Total monthly cost: about $5 for Mullvad. Everything else is free or included.
The single highest-impact change? Closing port 22 publicly and only allowing SSH via Tailscale. It took 5 minutes and eliminated the entire class of SSH brute-force attacks.
The most underrated layer? LuLu (outbound firewall). Most people only think about blocking incoming traffic. But if malware gets on your machine, it needs to phone home - and LuLu catches that.
Gotchas and Lessons Learned
These are the things that bit me. Save yourself the debugging time.
1. Tailscale ACLs + Mullvad need nodeAttrs. Regular ACL rules don't work with Mullvad exit nodes. You MUST add a nodeAttrs block with "attr": ["mullvad"] for your user. Without it, Mullvad exit nodes disappear entirely. Our first attempt broke all internet access.
2. ACLs use Tailscale IPs, not hostnames. Don't use machine names like "johns-macbook-pro" in ACL rules. Use the 100.x.x.x IPs or user email addresses.
3. NextDNS via Tailscale, not the local CLI. Running nextdns install on a machine doesn't work when Tailscale MagicDNS intercepts DNS. Configure NextDNS in the Tailscale admin console instead.

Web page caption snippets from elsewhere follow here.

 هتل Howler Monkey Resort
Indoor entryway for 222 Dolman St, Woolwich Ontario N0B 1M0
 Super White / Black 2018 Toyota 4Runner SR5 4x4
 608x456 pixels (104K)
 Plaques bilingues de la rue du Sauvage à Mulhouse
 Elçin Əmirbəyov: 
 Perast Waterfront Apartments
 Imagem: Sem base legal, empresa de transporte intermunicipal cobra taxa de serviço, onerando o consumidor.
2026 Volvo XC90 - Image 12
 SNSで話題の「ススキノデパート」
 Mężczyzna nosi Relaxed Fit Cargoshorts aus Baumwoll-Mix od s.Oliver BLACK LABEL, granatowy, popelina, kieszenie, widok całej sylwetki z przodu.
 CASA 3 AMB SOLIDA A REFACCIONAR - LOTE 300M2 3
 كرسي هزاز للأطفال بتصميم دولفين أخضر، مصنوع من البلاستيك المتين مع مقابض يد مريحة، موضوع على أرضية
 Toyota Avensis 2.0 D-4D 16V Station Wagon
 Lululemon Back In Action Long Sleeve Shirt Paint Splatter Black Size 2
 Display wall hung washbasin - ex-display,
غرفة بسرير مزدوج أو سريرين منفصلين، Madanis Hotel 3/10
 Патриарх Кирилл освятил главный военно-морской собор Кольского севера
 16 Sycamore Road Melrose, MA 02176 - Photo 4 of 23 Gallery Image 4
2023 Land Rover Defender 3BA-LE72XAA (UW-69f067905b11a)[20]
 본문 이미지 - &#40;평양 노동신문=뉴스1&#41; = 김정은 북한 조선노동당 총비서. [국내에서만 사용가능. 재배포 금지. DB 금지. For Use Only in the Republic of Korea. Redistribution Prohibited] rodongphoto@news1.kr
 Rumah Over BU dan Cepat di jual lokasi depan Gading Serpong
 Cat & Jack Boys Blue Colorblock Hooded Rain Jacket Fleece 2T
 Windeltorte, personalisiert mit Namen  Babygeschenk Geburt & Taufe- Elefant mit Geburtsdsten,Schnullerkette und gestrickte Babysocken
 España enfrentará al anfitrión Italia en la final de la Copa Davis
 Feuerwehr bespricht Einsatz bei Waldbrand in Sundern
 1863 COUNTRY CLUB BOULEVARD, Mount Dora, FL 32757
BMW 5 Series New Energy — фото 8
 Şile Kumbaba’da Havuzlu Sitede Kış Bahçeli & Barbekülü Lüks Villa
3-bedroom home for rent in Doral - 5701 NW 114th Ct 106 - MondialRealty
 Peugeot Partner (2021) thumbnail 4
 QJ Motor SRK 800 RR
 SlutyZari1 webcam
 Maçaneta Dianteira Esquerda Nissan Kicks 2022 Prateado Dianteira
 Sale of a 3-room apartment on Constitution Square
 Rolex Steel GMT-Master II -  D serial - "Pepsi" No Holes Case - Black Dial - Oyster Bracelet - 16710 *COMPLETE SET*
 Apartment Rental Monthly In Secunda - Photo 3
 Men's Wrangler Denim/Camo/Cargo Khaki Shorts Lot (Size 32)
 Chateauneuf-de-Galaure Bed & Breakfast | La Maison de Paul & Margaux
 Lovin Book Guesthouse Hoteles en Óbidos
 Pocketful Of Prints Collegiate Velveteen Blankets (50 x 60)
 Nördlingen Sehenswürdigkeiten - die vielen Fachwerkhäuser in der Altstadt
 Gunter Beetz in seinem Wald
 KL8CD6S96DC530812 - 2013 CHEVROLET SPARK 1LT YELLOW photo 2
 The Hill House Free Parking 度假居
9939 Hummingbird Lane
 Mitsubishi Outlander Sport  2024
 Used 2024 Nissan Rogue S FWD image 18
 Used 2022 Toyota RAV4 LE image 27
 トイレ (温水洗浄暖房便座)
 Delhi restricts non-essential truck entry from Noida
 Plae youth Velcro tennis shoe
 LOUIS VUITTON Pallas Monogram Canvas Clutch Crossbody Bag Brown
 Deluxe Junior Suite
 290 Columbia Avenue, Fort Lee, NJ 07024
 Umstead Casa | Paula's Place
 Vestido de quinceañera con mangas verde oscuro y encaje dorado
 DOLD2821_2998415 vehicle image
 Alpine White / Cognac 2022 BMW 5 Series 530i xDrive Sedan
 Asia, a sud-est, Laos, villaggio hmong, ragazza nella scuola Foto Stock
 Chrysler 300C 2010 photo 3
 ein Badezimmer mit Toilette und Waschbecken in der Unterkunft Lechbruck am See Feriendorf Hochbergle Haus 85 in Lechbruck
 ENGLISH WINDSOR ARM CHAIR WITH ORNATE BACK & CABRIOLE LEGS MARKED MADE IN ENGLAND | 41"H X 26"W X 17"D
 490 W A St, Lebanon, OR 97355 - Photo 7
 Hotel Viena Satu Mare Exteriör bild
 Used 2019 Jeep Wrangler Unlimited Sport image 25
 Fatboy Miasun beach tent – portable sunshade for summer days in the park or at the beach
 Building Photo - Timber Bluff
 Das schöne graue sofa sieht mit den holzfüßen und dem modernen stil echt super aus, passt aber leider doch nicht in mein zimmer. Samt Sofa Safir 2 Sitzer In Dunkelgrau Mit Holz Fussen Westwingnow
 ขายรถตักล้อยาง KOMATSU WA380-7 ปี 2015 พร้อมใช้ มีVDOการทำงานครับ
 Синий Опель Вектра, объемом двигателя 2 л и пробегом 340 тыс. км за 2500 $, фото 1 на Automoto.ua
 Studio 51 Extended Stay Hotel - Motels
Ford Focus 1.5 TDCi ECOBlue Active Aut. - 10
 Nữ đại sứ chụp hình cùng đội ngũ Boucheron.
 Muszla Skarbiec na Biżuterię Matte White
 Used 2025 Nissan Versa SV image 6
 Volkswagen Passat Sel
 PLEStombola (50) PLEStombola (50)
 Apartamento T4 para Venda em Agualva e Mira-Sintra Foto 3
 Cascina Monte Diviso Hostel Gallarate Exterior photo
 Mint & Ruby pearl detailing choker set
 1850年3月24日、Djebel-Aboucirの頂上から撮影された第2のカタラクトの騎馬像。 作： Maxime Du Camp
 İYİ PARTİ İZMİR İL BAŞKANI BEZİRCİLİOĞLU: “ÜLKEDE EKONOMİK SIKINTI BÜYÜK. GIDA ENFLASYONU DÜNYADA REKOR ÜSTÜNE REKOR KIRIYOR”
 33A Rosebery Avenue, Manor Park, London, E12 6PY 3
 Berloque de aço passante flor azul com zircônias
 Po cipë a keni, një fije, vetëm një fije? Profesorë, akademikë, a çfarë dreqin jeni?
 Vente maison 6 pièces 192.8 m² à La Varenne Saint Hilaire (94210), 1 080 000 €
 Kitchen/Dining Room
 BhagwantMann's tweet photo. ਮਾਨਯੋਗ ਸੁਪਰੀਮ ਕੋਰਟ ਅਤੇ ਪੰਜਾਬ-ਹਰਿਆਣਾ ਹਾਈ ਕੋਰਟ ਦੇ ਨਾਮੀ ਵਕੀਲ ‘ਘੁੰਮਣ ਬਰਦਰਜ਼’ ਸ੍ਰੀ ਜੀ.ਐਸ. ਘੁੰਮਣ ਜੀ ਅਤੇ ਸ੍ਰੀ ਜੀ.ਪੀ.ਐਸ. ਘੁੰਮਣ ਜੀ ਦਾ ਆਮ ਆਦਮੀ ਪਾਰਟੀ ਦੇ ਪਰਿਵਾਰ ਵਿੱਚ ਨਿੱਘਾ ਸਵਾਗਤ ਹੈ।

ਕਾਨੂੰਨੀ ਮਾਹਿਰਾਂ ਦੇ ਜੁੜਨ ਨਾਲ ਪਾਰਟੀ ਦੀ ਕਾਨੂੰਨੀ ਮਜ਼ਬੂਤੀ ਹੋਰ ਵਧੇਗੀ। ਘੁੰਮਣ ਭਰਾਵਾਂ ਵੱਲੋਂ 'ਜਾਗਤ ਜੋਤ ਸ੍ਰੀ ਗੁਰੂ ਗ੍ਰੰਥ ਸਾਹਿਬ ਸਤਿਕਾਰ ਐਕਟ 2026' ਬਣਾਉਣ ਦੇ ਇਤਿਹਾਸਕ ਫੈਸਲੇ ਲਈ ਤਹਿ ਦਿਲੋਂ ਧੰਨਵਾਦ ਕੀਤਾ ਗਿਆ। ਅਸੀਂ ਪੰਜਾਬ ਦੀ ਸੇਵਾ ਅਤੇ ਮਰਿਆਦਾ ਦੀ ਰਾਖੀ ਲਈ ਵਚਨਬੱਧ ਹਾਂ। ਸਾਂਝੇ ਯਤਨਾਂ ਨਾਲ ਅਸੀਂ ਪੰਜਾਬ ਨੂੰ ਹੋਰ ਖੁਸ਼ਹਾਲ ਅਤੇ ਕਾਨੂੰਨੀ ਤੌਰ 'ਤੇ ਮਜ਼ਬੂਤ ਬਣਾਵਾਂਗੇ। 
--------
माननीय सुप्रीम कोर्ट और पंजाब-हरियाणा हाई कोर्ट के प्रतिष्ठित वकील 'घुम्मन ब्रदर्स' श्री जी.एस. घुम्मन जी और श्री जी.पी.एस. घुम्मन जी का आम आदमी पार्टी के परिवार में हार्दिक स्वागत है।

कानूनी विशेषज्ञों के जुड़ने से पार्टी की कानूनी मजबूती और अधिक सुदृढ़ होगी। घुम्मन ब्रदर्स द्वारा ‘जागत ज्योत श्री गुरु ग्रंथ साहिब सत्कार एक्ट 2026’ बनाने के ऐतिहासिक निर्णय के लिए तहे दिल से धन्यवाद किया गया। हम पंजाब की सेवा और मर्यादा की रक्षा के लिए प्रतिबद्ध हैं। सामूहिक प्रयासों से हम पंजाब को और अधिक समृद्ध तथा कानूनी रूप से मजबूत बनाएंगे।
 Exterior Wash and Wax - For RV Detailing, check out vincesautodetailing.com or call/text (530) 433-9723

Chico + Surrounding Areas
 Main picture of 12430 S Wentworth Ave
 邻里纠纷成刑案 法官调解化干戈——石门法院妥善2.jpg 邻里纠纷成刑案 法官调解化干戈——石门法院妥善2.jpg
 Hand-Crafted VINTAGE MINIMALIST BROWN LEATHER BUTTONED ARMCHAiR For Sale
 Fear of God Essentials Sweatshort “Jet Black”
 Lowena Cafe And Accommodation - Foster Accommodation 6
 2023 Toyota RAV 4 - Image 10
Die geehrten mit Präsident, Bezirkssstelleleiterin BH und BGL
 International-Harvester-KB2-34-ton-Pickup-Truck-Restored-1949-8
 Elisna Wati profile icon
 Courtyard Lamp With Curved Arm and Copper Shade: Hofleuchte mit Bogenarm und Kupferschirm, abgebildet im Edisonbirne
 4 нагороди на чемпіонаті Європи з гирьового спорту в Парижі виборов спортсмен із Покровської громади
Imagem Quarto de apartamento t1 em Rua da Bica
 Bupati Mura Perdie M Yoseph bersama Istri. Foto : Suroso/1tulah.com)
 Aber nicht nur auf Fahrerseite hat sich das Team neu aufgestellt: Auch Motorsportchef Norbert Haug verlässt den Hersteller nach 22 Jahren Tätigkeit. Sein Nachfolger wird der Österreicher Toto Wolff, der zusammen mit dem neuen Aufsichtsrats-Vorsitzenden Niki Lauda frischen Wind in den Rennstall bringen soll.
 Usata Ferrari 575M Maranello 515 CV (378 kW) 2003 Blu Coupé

4. SSH host key verification fails with Tailscale IPs. When you first SSH via a Tailscale IP instead of a public IP, your SSH client sees a "new" host. Use StrictHostKeyChecking=accept-new for the first connection.
5. Keep a second SSH session open when changing SSH config. If you mess up sshd_config, your existing session stays alive. Test from a second terminal before closing the first. Locking yourself out of a remote server is a special kind of pain.
6. Closing port 22 means updating everything. Every script, alias, cron job, and bookmark that uses the public IP needs to switch to Tailscale. Grep your entire codebase for the old IP before closing the port.
Security isn't a destination. It's layers, each one reducing the probability that something goes wrong. You don't need to do all of this at once. Start with the highest-impact items (close public SSH, enable 2FA, set up backups) and add layers over time.
The best security setup is one you actually maintain.